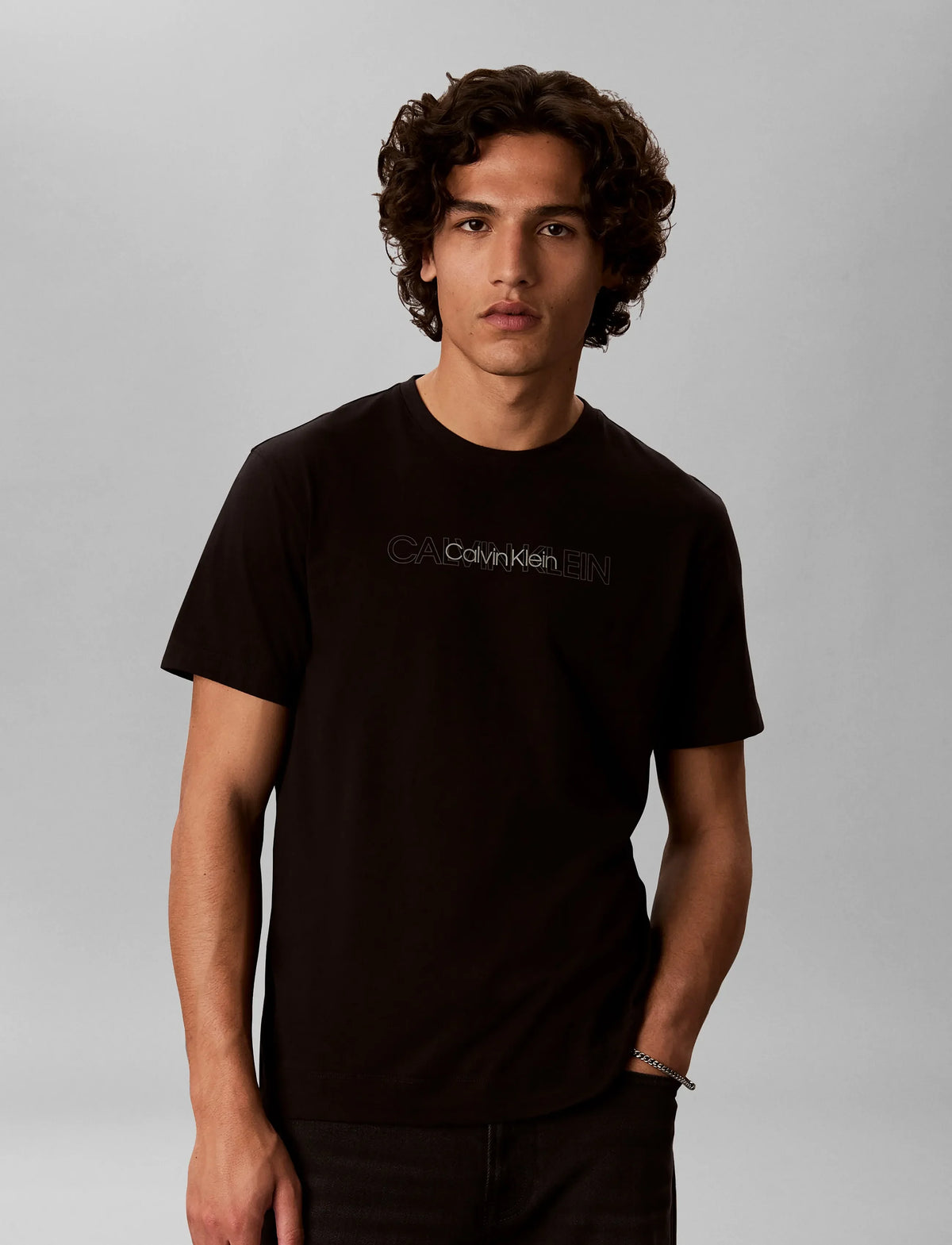 T-Shirt Calvin Klein Jeans Repeat
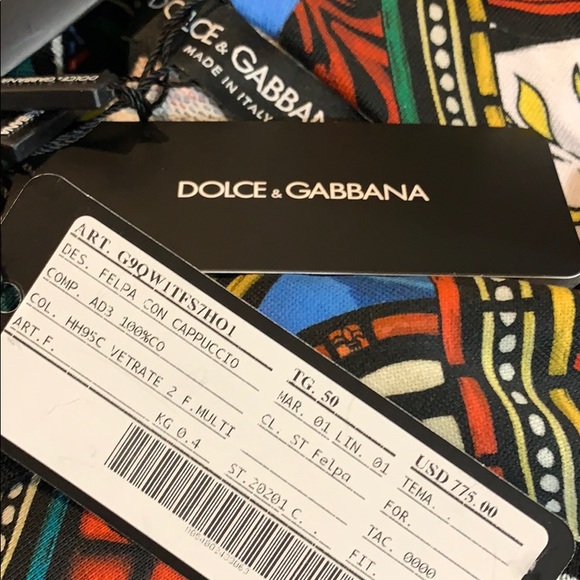 Dolce & Gabbana sweatshirt - Picture 5 of 5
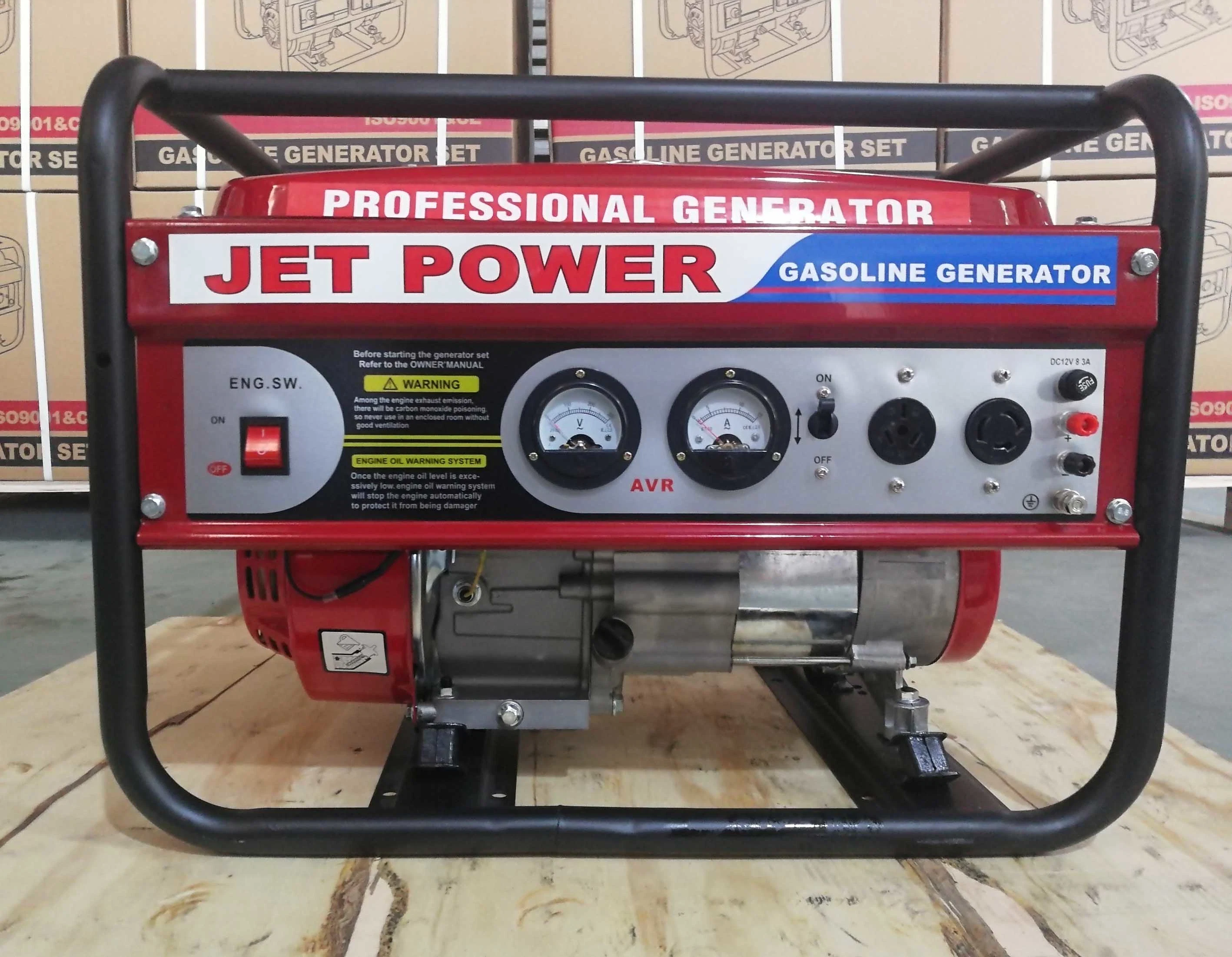 New Design 2kw 3kw portable Gasoline Generator Hot Sale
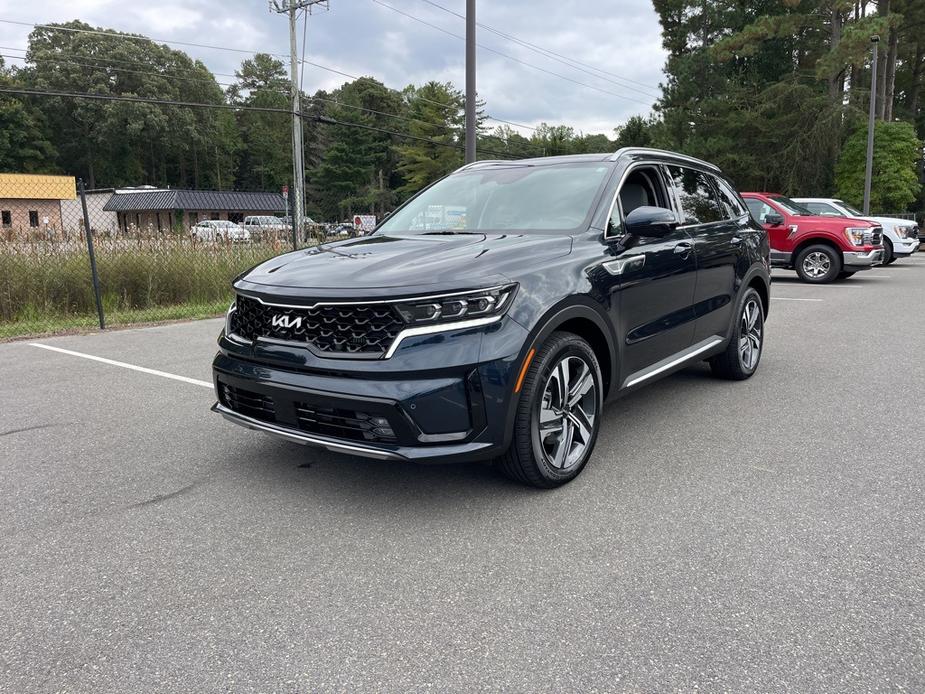 used 2023 Kia Sorento Plug-In Hybrid car, priced at $44,999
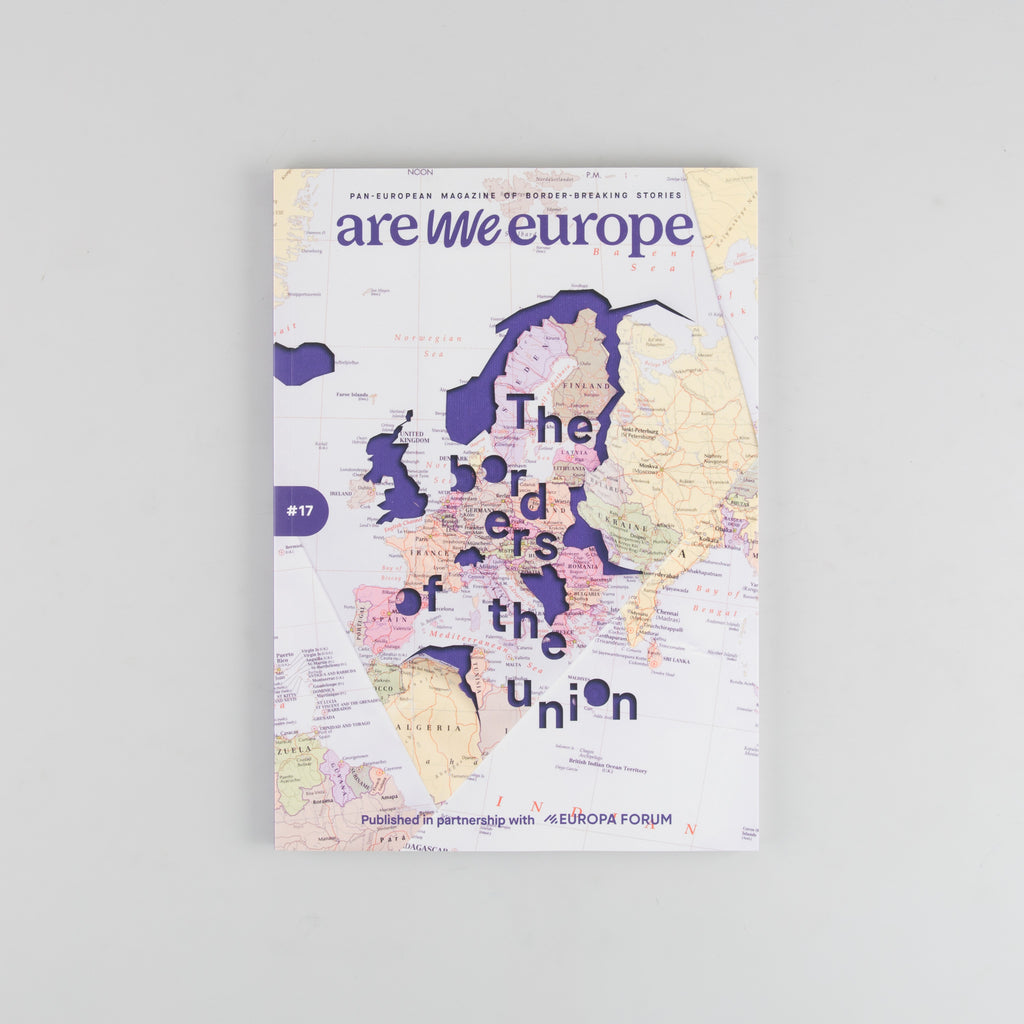 Are We Europe Magazine 17 - Cover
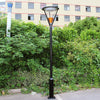 Solar Lamp Outdoor Lighting Courtyard Lamp Outdoor Waterproof LED Street Lamp Garden Villa Community Road Super Bright High Pole 3m Outdoor Street Lamp Type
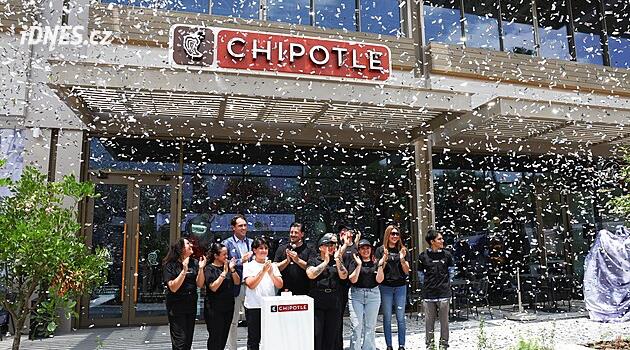 Americký Chipotle zamířil do domova tacos. V Mexiku otevřel první restauraci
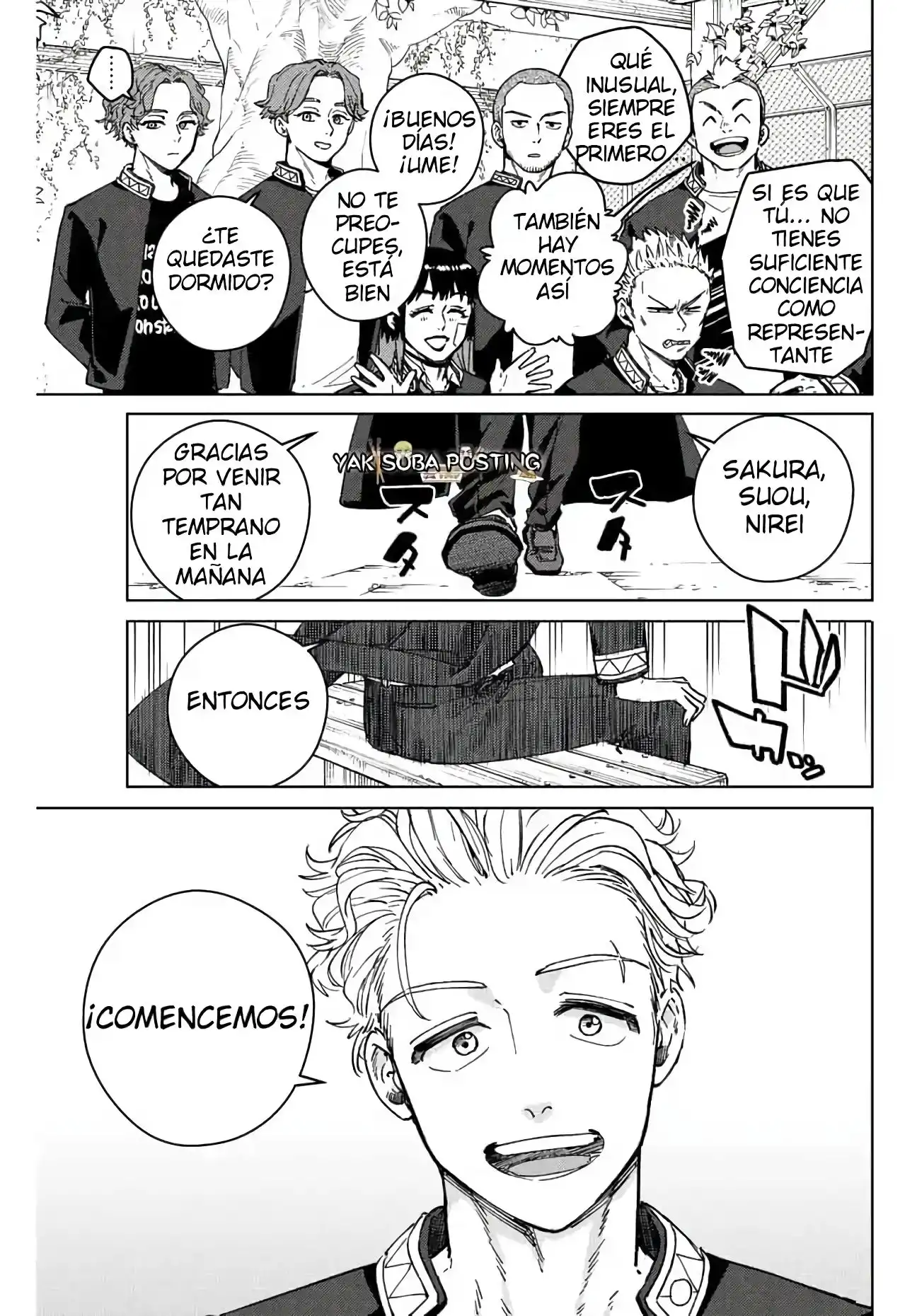 Read WIND BREAKER ES Manga Online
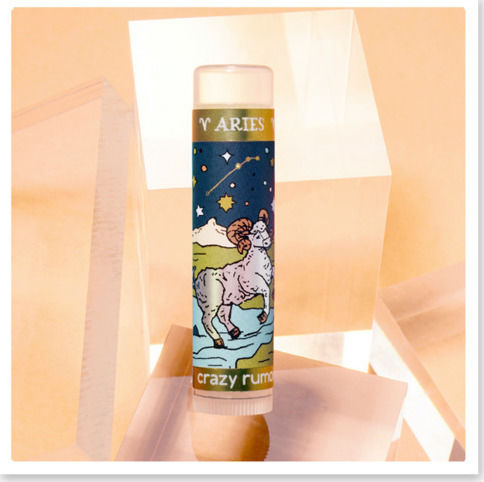 Crazy Rumors Zodiac Lip Balm Aries 4.25gr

※

What the exercise asks |
Without altering a word, return all of the records above and leave out their pictures.

Problem solution |
 T-Shirt Calvin Klein Jeans Repeat
 Dolce & Gabbana sweatshirt - Picture 5 of 5
 New Design 2kw 3kw portable Gasoline Generator Hot Sale
 used 2023 Kia Sorento Plug-In Hybrid car, priced at $44,999
 Are We Europe Magazine 17 - Cover
 Solar Lamp Outdoor Lighting Courtyard Lamp Outdoor Waterproof LED Street Lamp Garden Villa Community Road Super Bright High Pole 3m Outdoor Street Lamp Type
 Americký Chipotle zamířil do domova tacos. V Mexiku otevřel první restauraci
 Read WIND BREAKER ES Manga Online
 Crazy Rumors Zodiac Lip Balm Aries 4.25gr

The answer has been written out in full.